=== What to work on ===
Among the lines of data below, reproduce only those from the one with "alleiko @ myfreecams on 20231130" through the one with "Peugeot 208 GTI 2014", exactly as they stand, both ends included.

Short text fragments from websites:
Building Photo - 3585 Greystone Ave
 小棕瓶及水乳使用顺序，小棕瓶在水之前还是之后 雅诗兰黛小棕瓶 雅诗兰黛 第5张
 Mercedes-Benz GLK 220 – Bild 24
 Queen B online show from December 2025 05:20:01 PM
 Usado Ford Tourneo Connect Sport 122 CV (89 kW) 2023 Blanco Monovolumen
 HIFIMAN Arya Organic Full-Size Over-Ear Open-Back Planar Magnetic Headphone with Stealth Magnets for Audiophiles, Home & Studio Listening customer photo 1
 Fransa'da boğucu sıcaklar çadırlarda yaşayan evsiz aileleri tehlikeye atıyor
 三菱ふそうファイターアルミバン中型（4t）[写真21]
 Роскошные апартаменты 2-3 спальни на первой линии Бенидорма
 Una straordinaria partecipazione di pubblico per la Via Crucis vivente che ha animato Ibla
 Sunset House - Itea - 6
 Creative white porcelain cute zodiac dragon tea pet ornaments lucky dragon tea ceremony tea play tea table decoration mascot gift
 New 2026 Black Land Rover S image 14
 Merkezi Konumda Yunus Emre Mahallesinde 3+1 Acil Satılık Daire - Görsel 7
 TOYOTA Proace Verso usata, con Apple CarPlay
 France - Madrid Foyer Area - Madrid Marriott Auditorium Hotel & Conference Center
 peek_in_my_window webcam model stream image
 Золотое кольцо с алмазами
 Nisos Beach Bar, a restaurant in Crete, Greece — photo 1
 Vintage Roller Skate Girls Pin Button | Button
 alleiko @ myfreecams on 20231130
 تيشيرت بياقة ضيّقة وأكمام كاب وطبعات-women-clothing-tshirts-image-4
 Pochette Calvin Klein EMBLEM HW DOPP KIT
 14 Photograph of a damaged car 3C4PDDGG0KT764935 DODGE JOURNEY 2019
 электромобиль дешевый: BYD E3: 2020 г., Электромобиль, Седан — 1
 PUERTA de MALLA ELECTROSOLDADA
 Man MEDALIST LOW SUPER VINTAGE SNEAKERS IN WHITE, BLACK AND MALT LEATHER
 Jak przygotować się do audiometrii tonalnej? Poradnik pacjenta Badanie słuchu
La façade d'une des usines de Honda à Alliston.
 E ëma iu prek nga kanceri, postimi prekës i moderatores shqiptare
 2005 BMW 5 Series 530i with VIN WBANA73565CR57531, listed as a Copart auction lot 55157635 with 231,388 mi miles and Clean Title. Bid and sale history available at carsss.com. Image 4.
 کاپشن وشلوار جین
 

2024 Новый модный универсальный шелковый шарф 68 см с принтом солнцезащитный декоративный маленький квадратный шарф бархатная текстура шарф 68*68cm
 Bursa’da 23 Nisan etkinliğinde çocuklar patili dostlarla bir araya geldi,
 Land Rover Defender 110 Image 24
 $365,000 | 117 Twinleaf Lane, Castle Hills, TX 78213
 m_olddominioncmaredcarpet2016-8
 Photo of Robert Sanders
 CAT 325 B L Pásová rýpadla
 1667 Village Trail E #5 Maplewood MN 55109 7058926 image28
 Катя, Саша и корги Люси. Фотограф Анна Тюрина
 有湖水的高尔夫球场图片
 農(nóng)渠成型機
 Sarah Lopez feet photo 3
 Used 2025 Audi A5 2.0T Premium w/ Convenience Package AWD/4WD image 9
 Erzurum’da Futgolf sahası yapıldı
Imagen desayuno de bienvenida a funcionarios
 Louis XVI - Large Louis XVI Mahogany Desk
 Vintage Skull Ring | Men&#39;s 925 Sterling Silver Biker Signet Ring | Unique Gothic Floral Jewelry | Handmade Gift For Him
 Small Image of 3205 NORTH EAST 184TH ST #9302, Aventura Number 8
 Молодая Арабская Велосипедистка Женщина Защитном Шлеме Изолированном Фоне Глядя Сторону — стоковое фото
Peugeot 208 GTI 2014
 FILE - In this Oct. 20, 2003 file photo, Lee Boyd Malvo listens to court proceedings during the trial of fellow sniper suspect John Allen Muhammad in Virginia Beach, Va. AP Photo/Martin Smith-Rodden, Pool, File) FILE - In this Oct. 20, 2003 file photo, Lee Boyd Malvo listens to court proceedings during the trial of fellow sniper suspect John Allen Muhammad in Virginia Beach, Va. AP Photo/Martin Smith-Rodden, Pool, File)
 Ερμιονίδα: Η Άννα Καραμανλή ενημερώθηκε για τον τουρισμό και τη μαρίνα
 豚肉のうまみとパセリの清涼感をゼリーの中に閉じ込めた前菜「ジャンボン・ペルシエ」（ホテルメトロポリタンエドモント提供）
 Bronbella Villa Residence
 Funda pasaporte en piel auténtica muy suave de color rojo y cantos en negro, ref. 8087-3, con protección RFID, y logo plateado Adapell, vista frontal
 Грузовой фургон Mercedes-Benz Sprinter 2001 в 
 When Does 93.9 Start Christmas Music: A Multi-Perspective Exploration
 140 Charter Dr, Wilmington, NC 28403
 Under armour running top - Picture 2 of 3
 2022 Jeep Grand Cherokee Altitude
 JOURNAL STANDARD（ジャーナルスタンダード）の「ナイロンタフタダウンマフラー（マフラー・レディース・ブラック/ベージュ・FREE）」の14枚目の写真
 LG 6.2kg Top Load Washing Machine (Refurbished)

=== Task output ===
 alleiko @ myfreecams on 20231130
 تيشيرت بياقة ضيّقة وأكمام كاب وطبعات-women-clothing-tshirts-image-4
 Pochette Calvin Klein EMBLEM HW DOPP KIT
 14 Photograph of a damaged car 3C4PDDGG0KT764935 DODGE JOURNEY 2019
 электромобиль дешевый: BYD E3: 2020 г., Электромобиль, Седан — 1
 PUERTA de MALLA ELECTROSOLDADA
 Man MEDALIST LOW SUPER VINTAGE SNEAKERS IN WHITE, BLACK AND MALT LEATHER
 Jak przygotować się do audiometrii tonalnej? Poradnik pacjenta Badanie słuchu
La façade d'une des usines de Honda à Alliston.
 E ëma iu prek nga kanceri, postimi prekës i moderatores shqiptare
 2005 BMW 5 Series 530i with VIN WBANA73565CR57531, listed as a Copart auction lot 55157635 with 231,388 mi miles and Clean Title. Bid and sale history available at carsss.com. Image 4.
 کاپشن وشلوار جین
 

2024 Новый модный универсальный шелковый шарф 68 см с принтом солнцезащитный декоративный маленький квадратный шарф бархатная текстура шарф 68*68cm
 Bursa’da 23 Nisan etkinliğinde çocuklar patili dostlarla bir araya geldi,
 Land Rover Defender 110 Image 24
 $365,000 | 117 Twinleaf Lane, Castle Hills, TX 78213
 m_olddominioncmaredcarpet2016-8
 Photo of Robert Sanders
 CAT 325 B L Pásová rýpadla
 1667 Village Trail E #5 Maplewood MN 55109 7058926 image28
 Катя, Саша и корги Люси. Фотограф Анна Тюрина
 有湖水的高尔夫球场图片
 農(nóng)渠成型機
 Sarah Lopez feet photo 3
 Used 2025 Audi A5 2.0T Premium w/ Convenience Package AWD/4WD image 9
 Erzurum’da Futgolf sahası yapıldı
Imagen desayuno de bienvenida a funcionarios
 Louis XVI - Large Louis XVI Mahogany Desk
 Vintage Skull Ring | Men&#39;s 925 Sterling Silver Biker Signet Ring | Unique Gothic Floral Jewelry | Handmade Gift For Him
 Small Image of 3205 NORTH EAST 184TH ST #9302, Aventura Number 8
 Молодая Арабская Велосипедистка Женщина Защитном Шлеме Изолированном Фоне Глядя Сторону — стоковое фото
Peugeot 208 GTI 2014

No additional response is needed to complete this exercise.